Available records:
================

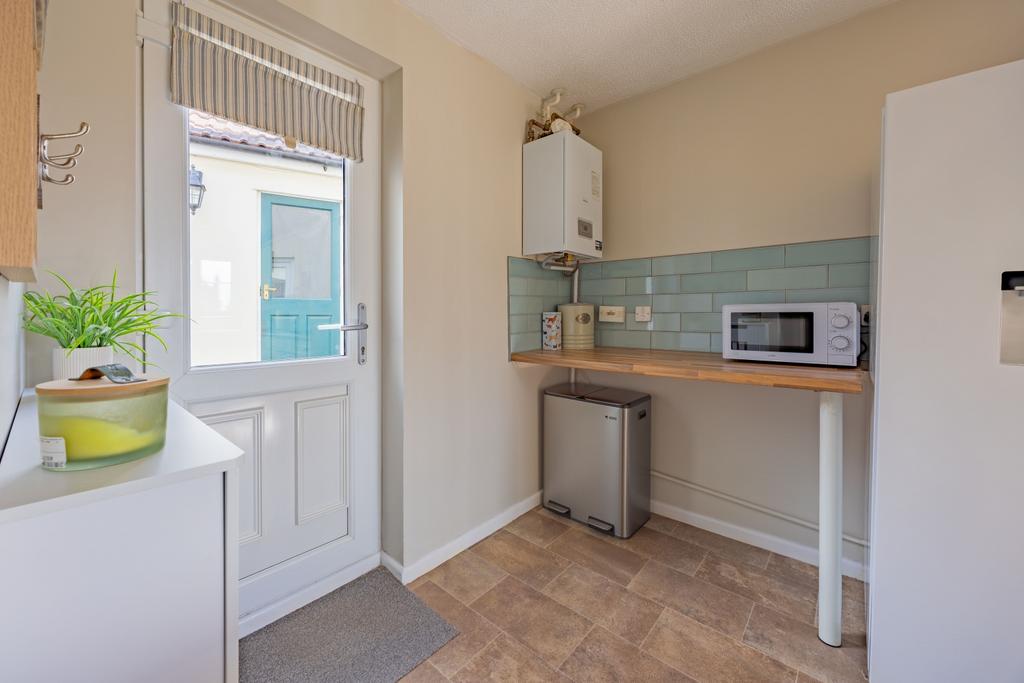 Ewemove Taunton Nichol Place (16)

================

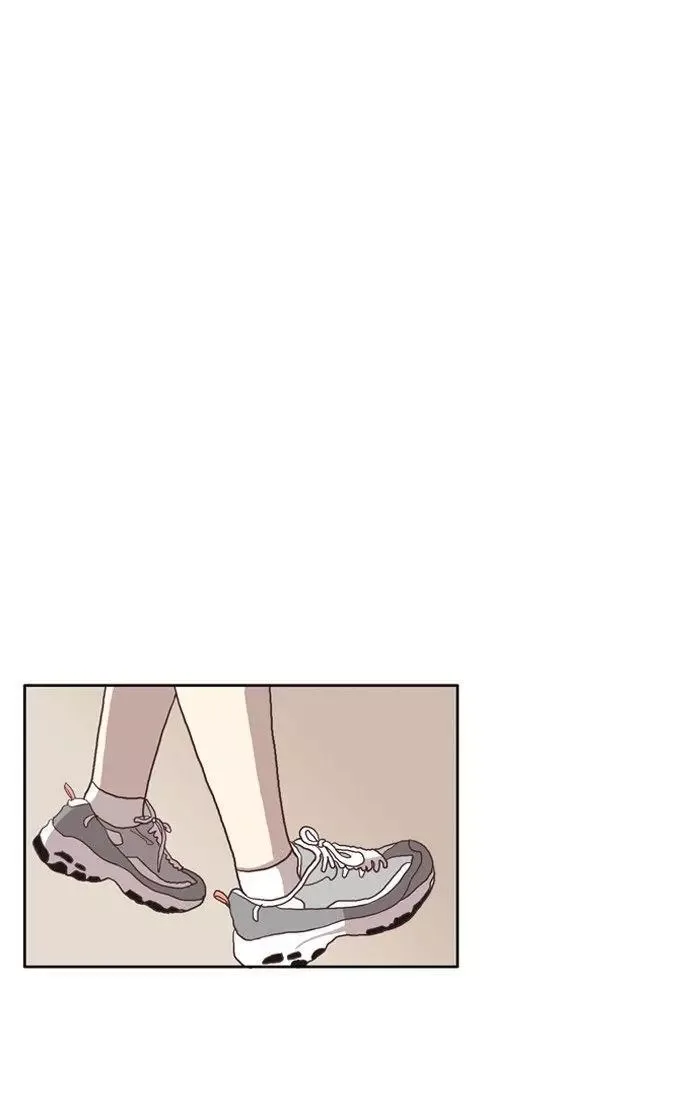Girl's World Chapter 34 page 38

================

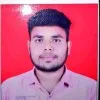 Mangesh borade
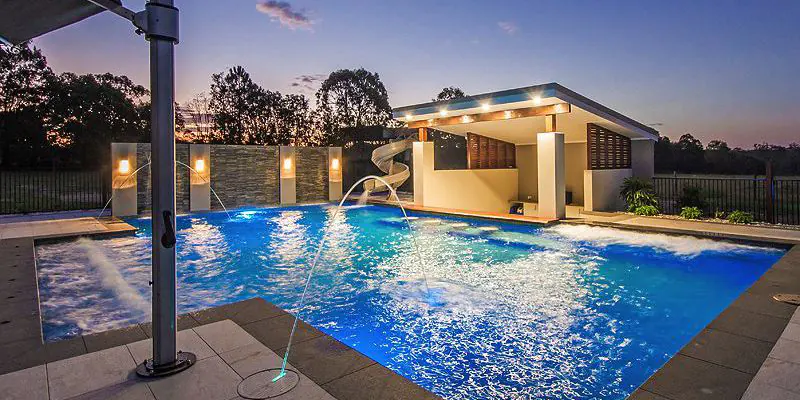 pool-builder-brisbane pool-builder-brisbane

================

What to work on:
Beginning with the line above that contains "Mangesh borade" and ending with the line that contains "pool-builder-brisbane pool-builder-brisbane", quote each line exactly, keeping out the pictures.

Response area:
 Mangesh borade
 pool-builder-brisbane pool-builder-brisbane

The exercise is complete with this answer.